- _Your instructions_:
Starting at the line below that contains "Squamish_Wed_Sep_26.gif" and ending at the line that contains "7 oktober, 10:00 Giethoorn", retype each line exactly as it stands, but omit the pictures.

Short web captions:
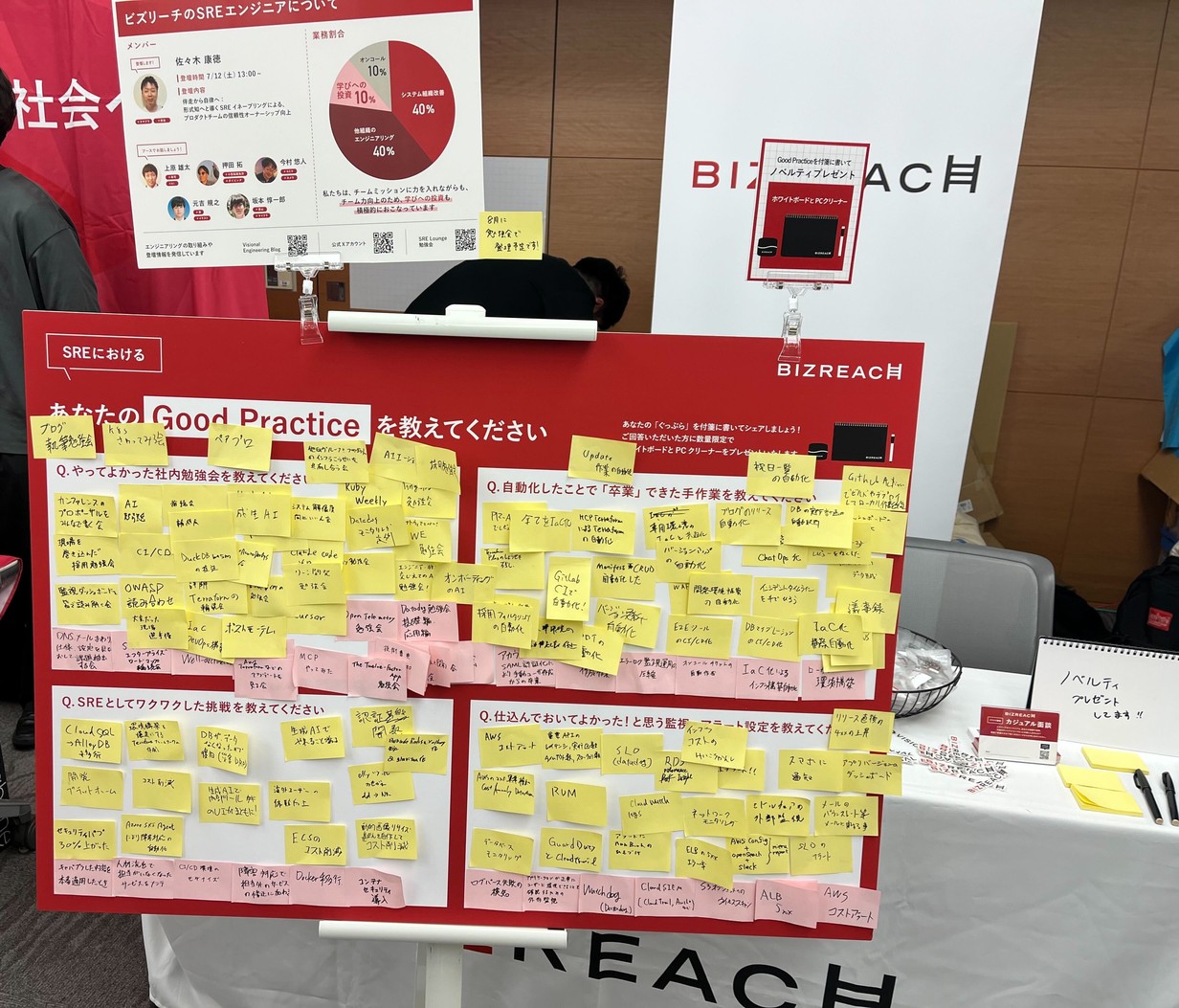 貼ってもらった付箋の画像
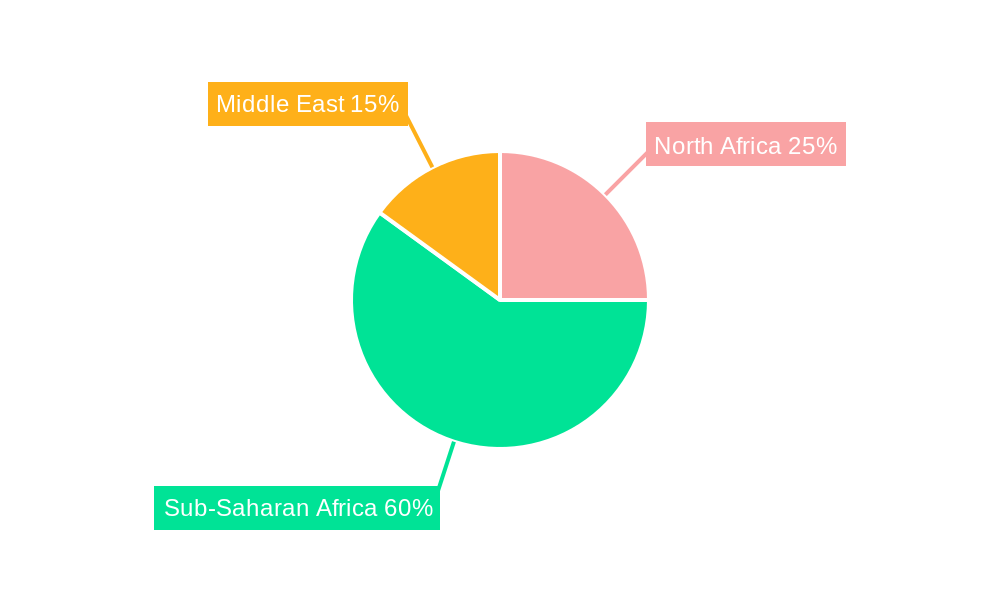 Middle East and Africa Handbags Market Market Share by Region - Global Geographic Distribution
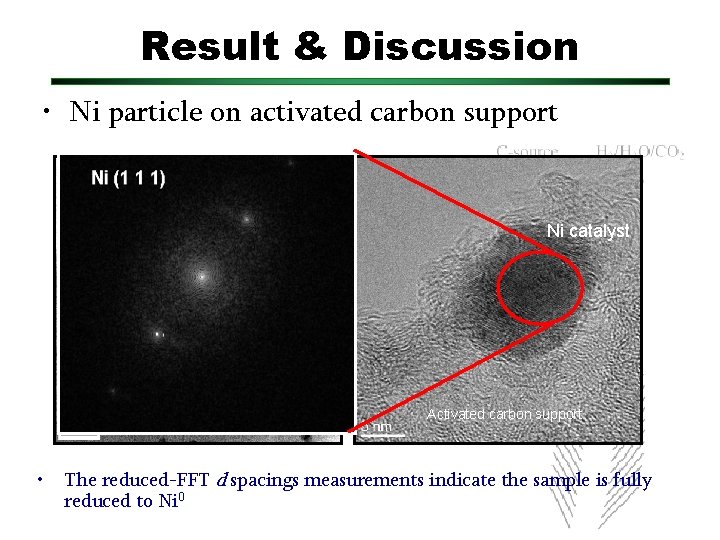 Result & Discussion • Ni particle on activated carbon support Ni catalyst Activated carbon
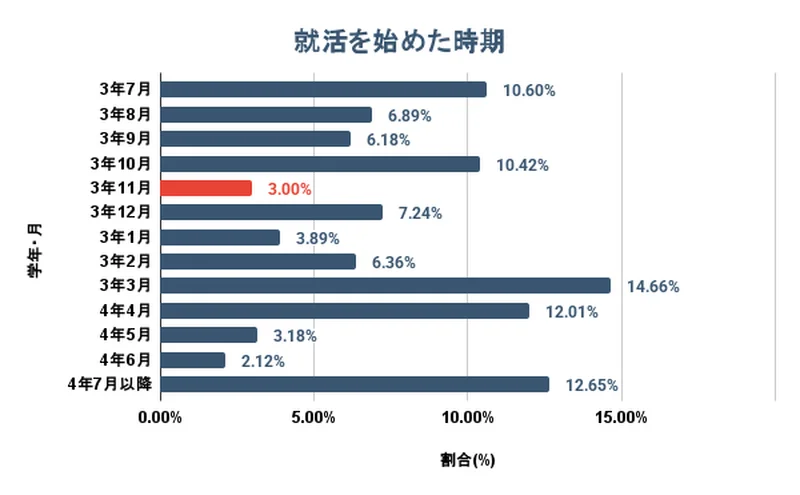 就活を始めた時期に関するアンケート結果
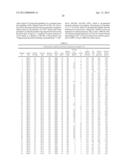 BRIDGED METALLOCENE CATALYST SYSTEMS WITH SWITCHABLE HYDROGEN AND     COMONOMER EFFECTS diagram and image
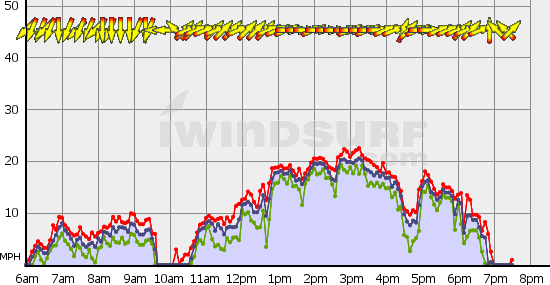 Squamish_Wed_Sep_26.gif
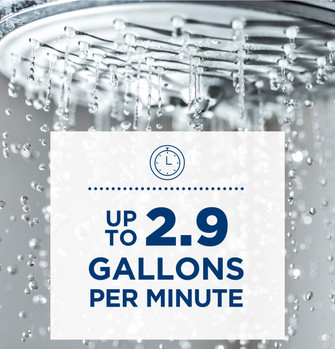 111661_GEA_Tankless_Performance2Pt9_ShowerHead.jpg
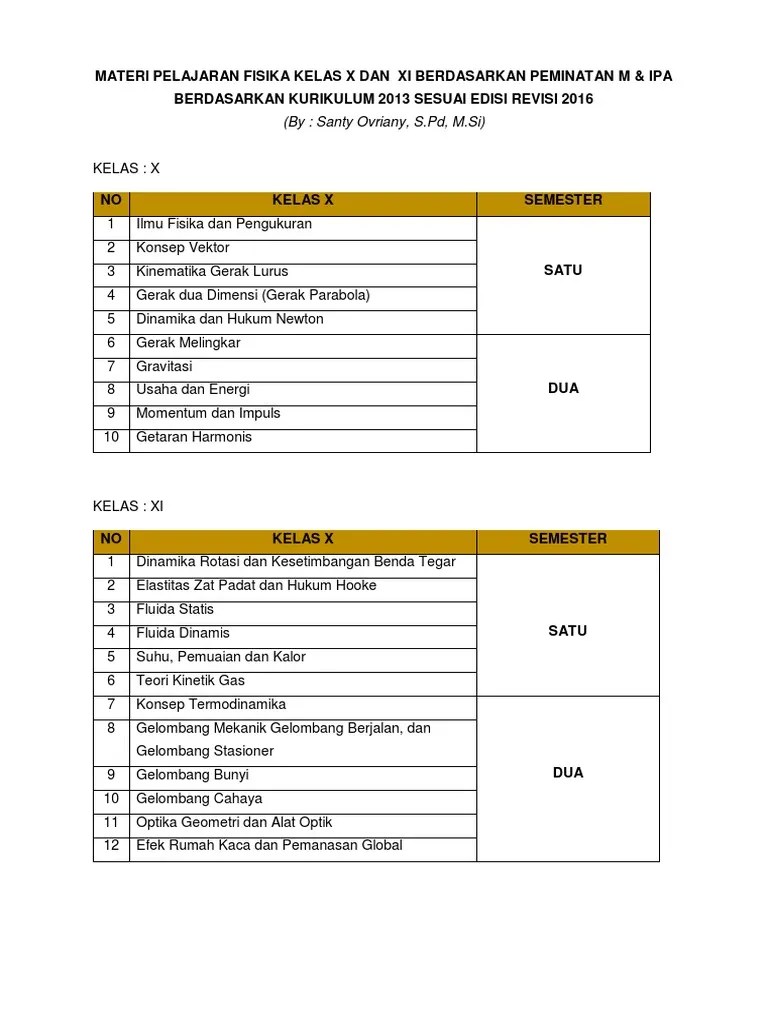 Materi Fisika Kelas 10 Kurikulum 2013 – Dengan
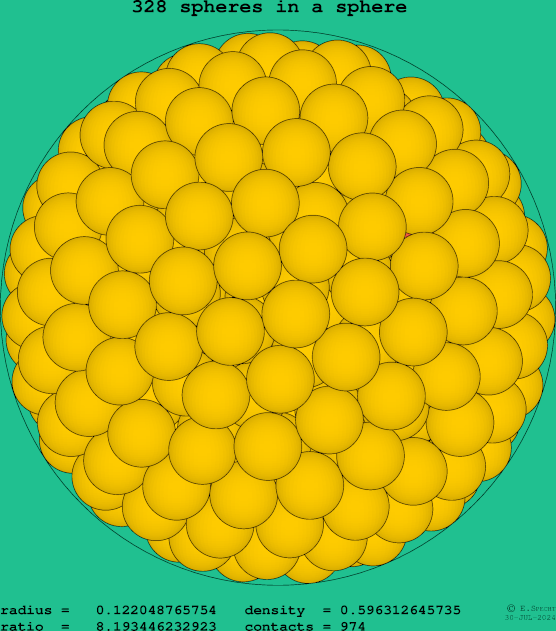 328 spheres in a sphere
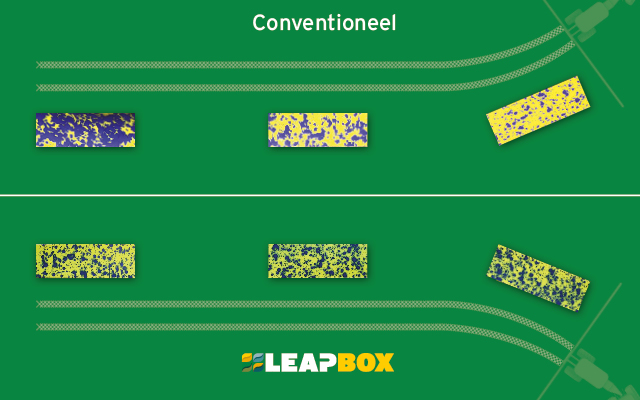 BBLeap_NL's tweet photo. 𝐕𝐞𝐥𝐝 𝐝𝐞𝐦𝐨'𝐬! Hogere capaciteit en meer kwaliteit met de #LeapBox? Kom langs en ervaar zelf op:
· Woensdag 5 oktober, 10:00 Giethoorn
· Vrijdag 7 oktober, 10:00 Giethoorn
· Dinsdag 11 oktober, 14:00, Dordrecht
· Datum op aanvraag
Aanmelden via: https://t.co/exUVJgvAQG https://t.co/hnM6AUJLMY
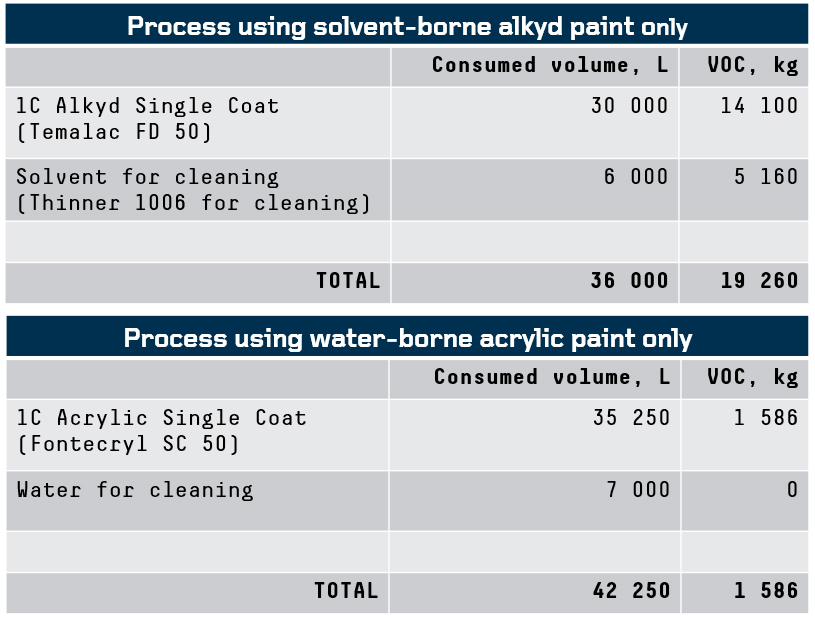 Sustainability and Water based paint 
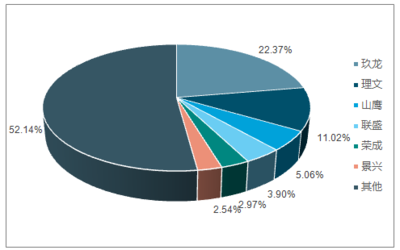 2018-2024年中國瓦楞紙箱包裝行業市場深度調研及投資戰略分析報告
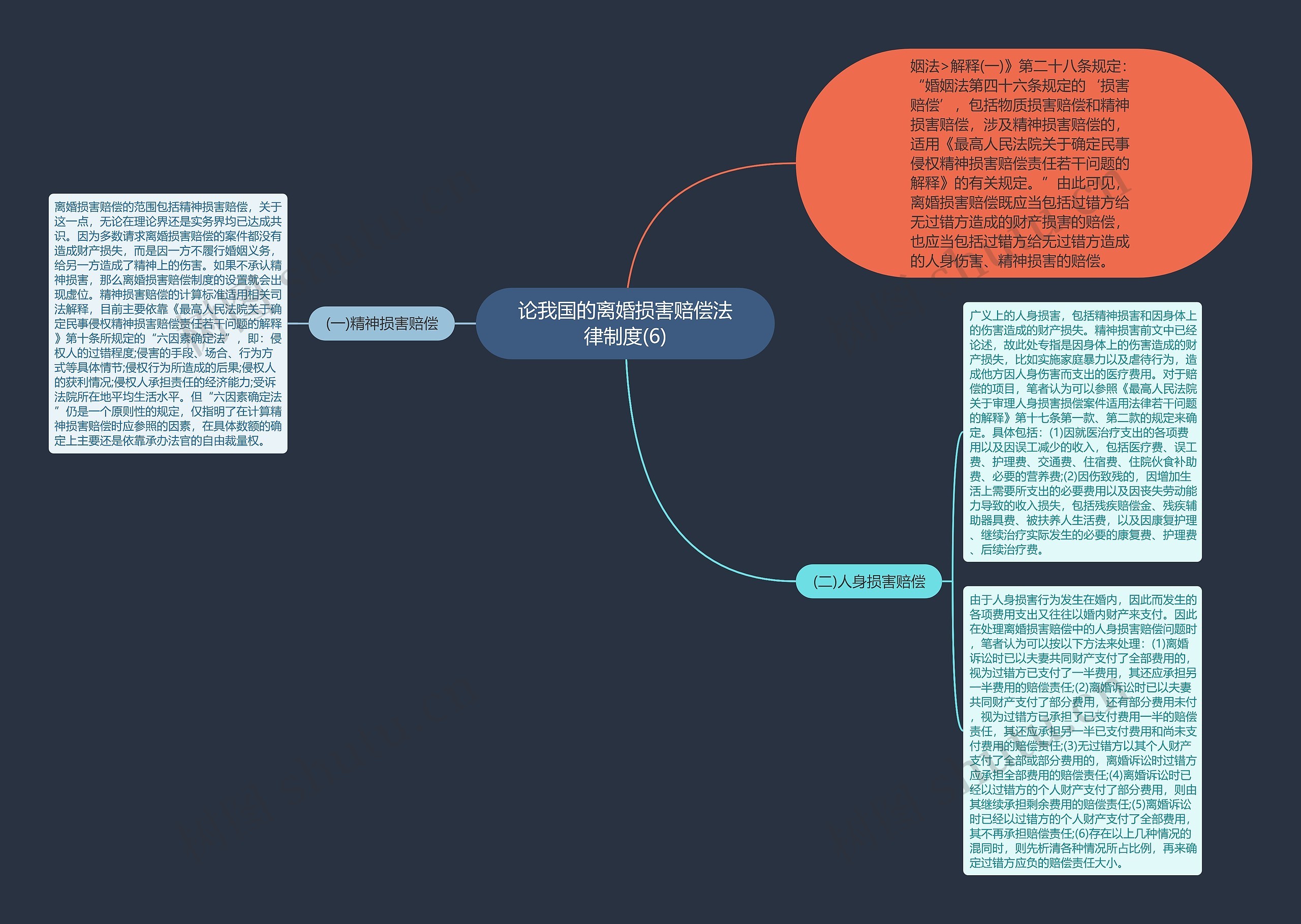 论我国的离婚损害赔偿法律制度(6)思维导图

- _Written answer_:
 Squamish_Wed_Sep_26.gif
 111661_GEA_Tankless_Performance2Pt9_ShowerHead.jpg
 Materi Fisika Kelas 10 Kurikulum 2013 – Dengan
 328 spheres in a sphere
 BBLeap_NL's tweet photo. 𝐕𝐞𝐥𝐝 𝐝𝐞𝐦𝐨'𝐬! Hogere capaciteit en meer kwaliteit met de #LeapBox? Kom langs en ervaar zelf op:
· Woensdag 5 oktober, 10:00 Giethoorn
· Vrijdag 7 oktober, 10:00 Giethoorn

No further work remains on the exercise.